木村 アカデミーで行っている座学の部分をオンライン配信できるようにしたいんです。ウチで展開している社団法人に加盟している納棺士たちに対して効率的に知識の伝達ができるかなと。
川多 われわれは各地の事業者にライセンス供与して展開していきますが、その際、ネット配信を利用したり、スカイプで現場に指示を出したりできればと考えています。海外展開も考えているので、IT活用は積極的に進めていきたいですね。
石井 川多さんのところは海外進出を考えているなら、英語でサービスの特徴を説明したものを、動画サイトにアップしたほうがいいかもしれませんね。
川多 つい先日も、シンガポールや中国向けに、英語で資料を作ってほしいという要望が来ました。
石井 ある程度のレベルなら、クラウドソーシングでもできますしね。ただ、ウチも最初は外部のシステムを使っていましたが、全然やりたいことができなかったので結局は自社開発しました。

石井貴基(いしい・たかき)
1984年生まれ。北海道出身。福島大学経済学部卒業後、リクルートに入社。ソニー生命保険勤務を経て、2012年3月株式会社葵を創業し、誰でも無料で学べる中学生向けオンライン学習塾アオイゼミをリリース。
共通の地元、北海道への思い
-- 3人とも北海道出身ということですが、地元への思いみたいなものはありますか。
石井 北海道民はいい意味で楽観的な人が多く、しがらみがあまりないので、いろいろチャレンジしやすいかなと。一方で、東京と比べて情報格差があったり、ヒト、モノ、カネのリソースが少なかったりする部分はある気がします。
木村 私は2年前まで北海道にいたので、ゆくゆくは北海道で仕事したいという望みはあります。

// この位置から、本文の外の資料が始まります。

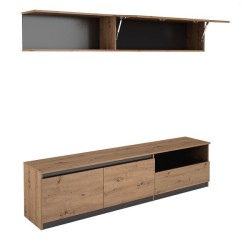 Mueble de TV de Diseño + Modulo Alto de Almacenamiento y 2 Puertas,Roble y Gris 85 cm(Alto) x 200cm (Ancho) x 40cm (Fondo)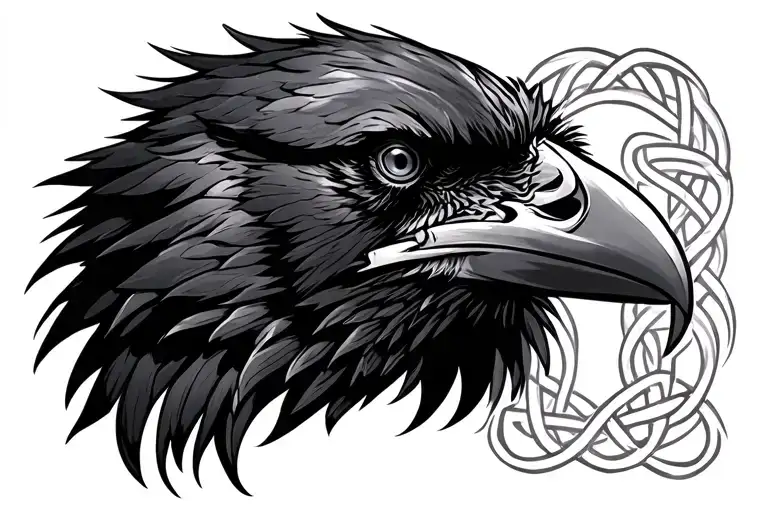 raven head decorated with a Celtic knot tattoo design idea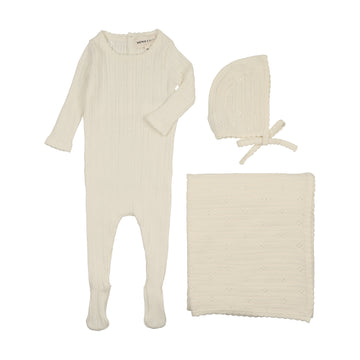 Mema Knits Ivory Pointelle Knit Three Piece Set (M430-3Pc)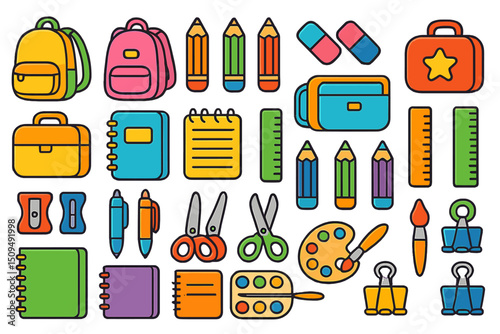 Collection of colorful school supplies including bags, notebooks, and writing tools for back-to-school preparation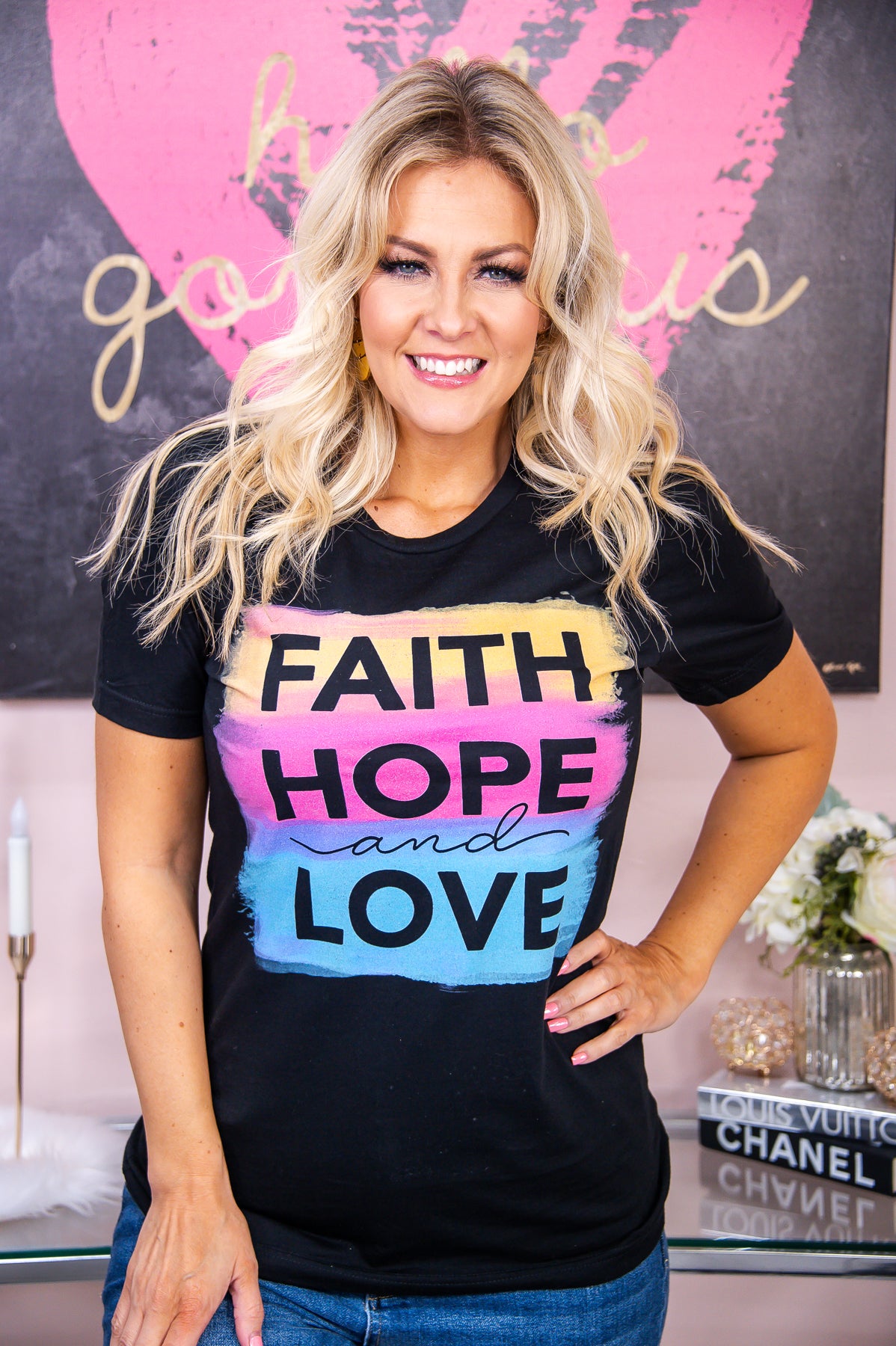Faith Hope & Love Black Graphic Tee - A2891BK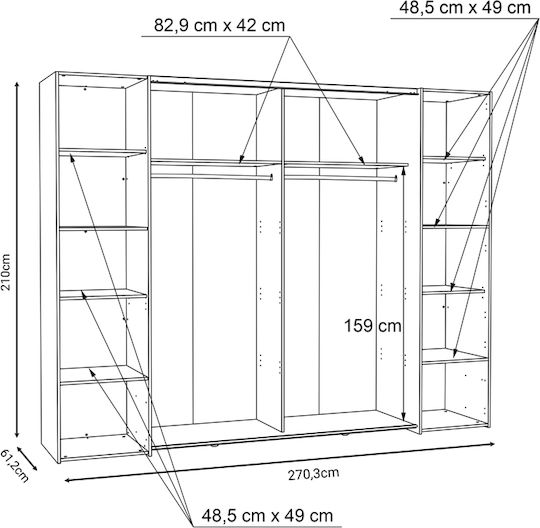 Verzo Τετράφυλλη Ντουλάπα Συρόμενη 270.5x61.5x210.5cm Verzo Τετράφυλλη Ντουλάπα Συρόμενη 270.5x61.5x210.5cm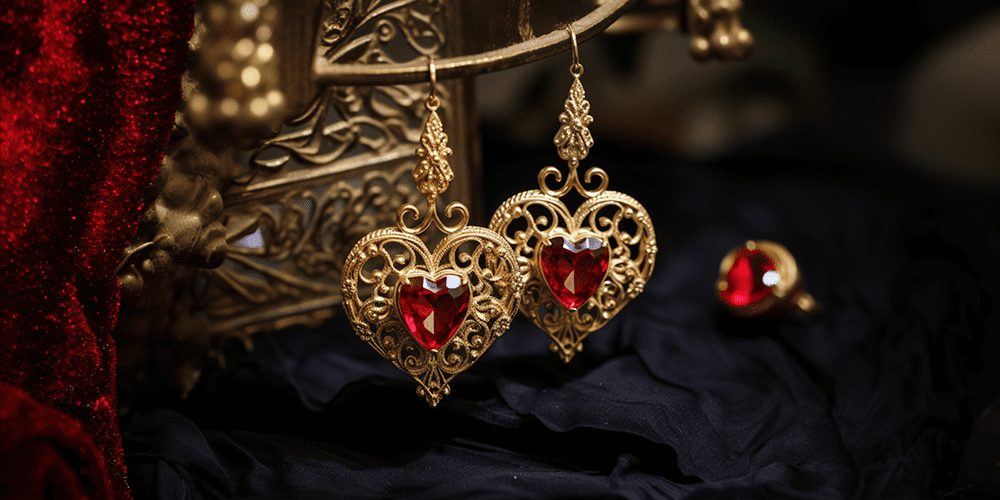 Restored Gold Ornate Red Gemstone Earrings Hanging and Displayed for Valentine's Day 2024 Featured Image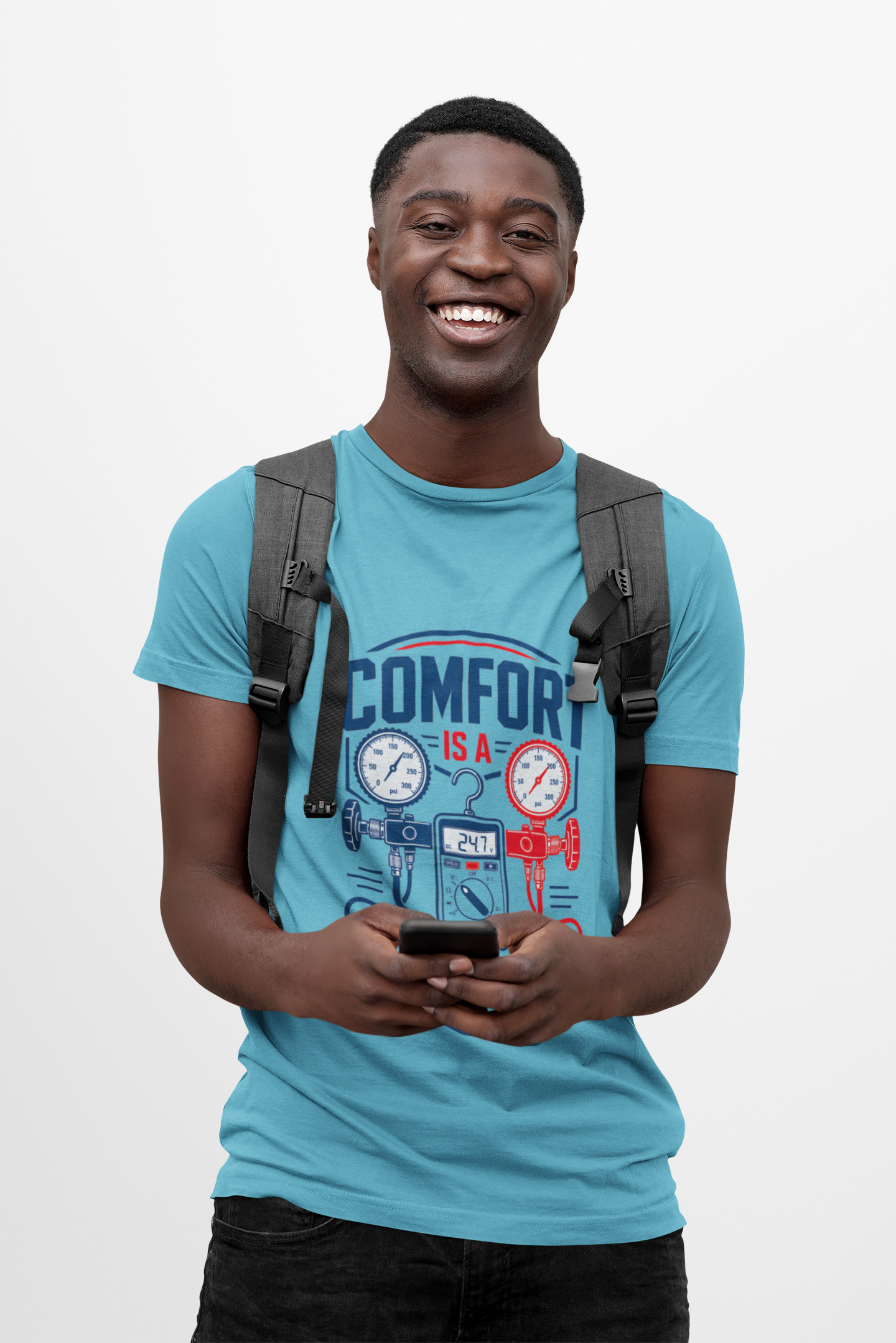Comfort Is A Craft HVAC Tech Shirt, HVAC Technician Gift, Manifold Gauge AC Repair Tradesman Tee, Heating Cooling Refrigeration T-Shirt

川多 私は地元というより、やはり海外に進出したいという気持ちのほうが強いですね。北海道には開拓者精神がもともとありましたが、今はそうではなくなっている気がします。世界の中でも建築分野は日本とドイツが進んでいて、日本の中では北海道が最も進んでいます。海外に出ていき、われわれの優れた技術を世界に発信したいと思っています。

川多弘也(かわた・ひろや)
1967年生まれ。北海道出身。85年北海道電力入社。2008年に退職後、パッシブホームを含め3社の株式会社の経営に携わる。建物の光熱費を削減するパッシブ設計普及事業およびコンサルティングなどを行う。
-- 将来の1つの区切りとして2020年の東京オリンピックがありますが、その時までにどんな姿になっていたいと思いますか。
石井 ウチはベンチャーキャピタルが入っているので、IPOしているか潰れているかのどちらかでしょうね。20年ごろにはスマホで勉強するのが当たり前になっているでしょうから、問題はそこで覇権を取れているかどうか。日本の教育における経済格差をなくしたいということが起業の動機なので、そこを解消することに全力を注ぎたい。
木村 ウチは活動範囲をどこまで広げられているかということがポイントです。25年が高齢化のピークと言われているので、そこに向けてより良い人材を揃えていきたいと思います。今、海外で亡くなられる方はすごく多いので、遺体処置などのニーズが増えてくると思います。そこで、各国の学校と姉妹校提携を結び、遺体の受け入れ態勢をつくっていきます。
川多 われわれとしては、最低でも世界20カ国にはパッシブ工法を広めたいと思っています。人生一度きりですから、海外でどこまでできるか、試してみたいです。